- [Aim of the exercise]:
Transcribe exactly the lines below that begin at the line with "8802 Chase Ave - Photo 15" and stop after the line with "Vintage bhs evening - evening, gown", leaving out every picture.

- [Source material]:
»»
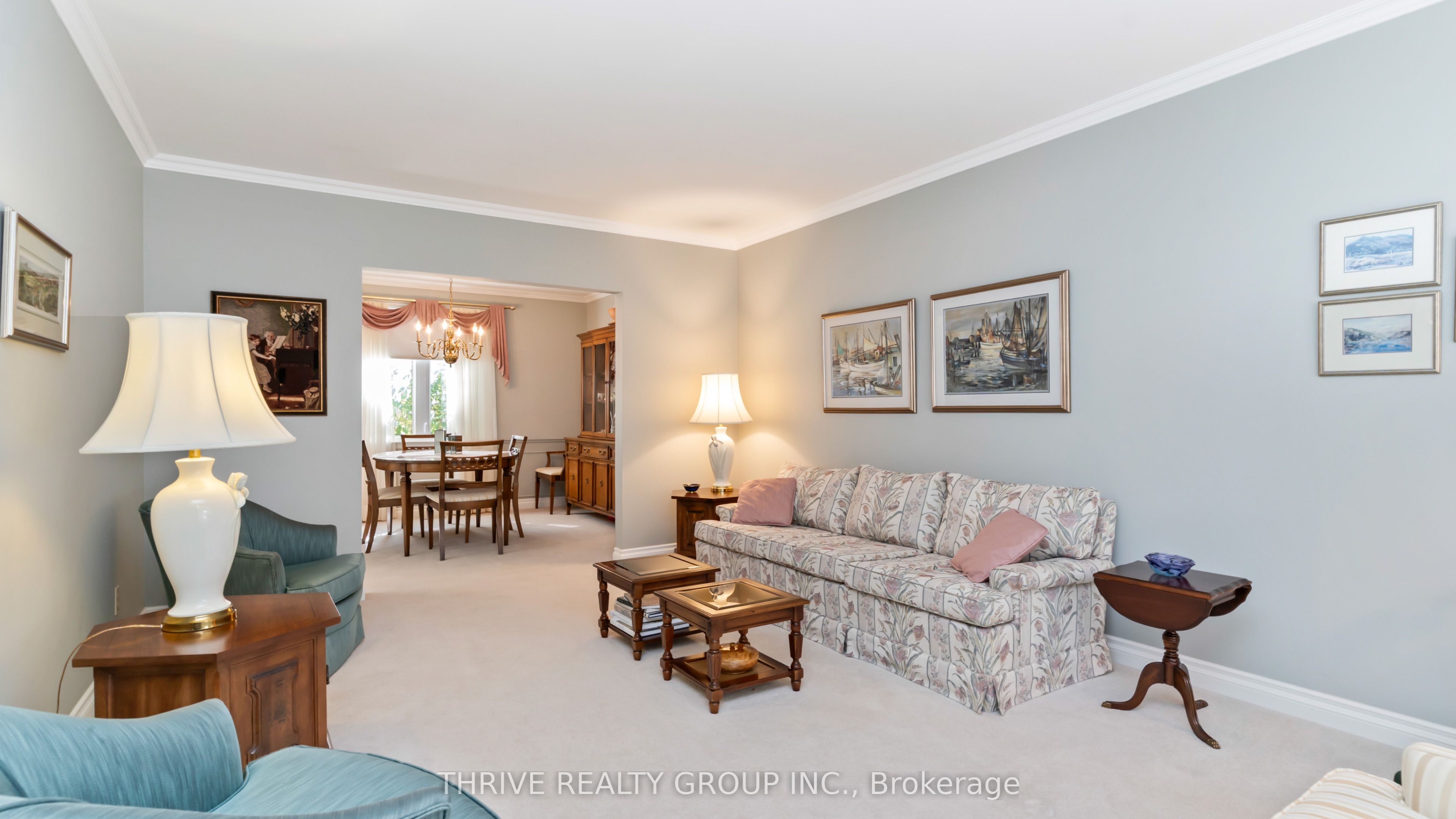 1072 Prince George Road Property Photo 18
««
»»
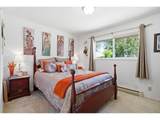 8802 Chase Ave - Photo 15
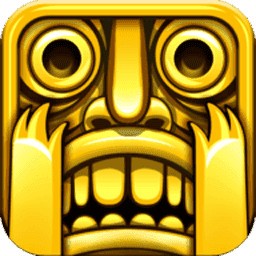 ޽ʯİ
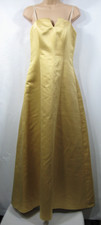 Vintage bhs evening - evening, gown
««
»»
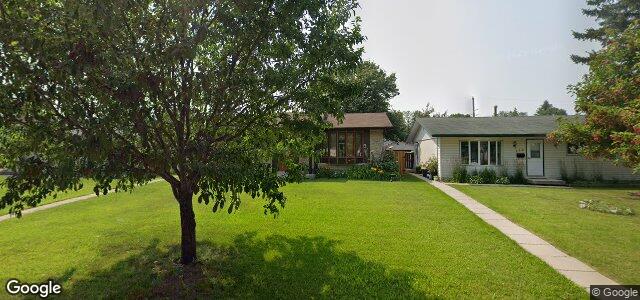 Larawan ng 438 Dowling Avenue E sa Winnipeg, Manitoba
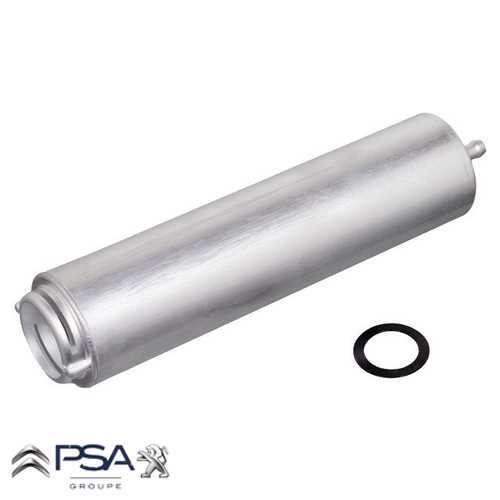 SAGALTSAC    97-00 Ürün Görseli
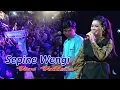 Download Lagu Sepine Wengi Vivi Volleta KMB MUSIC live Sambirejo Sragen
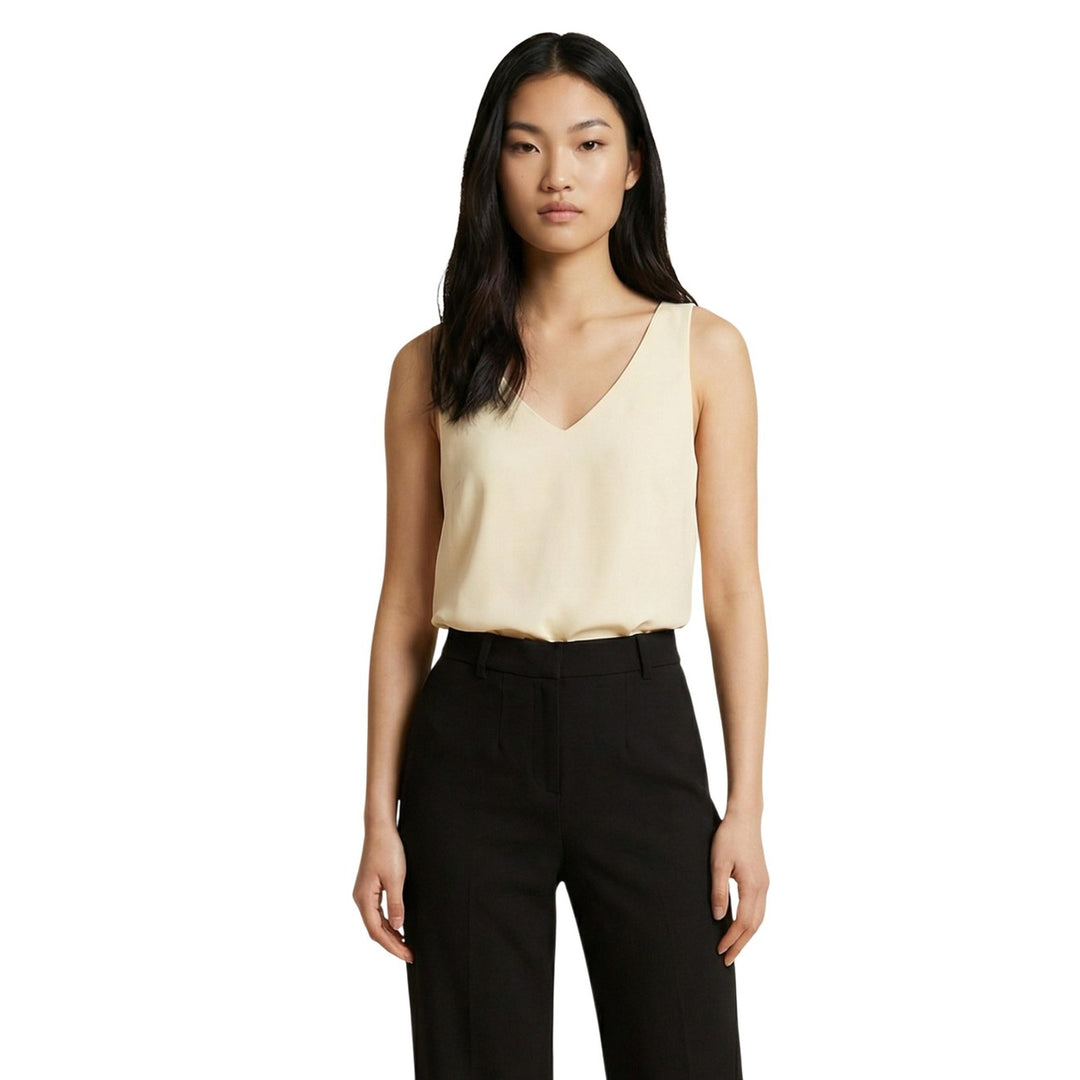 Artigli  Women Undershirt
««
- [Task output]:
 8802 Chase Ave - Photo 15
 ޽ʯİ
 Vintage bhs evening - evening, gown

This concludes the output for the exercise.